__Supplied information__
[Start of Attachment]

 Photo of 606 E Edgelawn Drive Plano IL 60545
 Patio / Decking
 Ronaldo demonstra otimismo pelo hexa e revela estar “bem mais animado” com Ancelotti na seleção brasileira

[End of Attachment]

__Exercise details__
Write every line of the material above again, exactly.

__Answer box__
 Photo of 606 E Edgelawn Drive Plano IL 60545
 Patio / Decking
 Ronaldo demonstra otimismo pelo hexa e revela estar “bem mais animado” com Ancelotti na seleção brasileira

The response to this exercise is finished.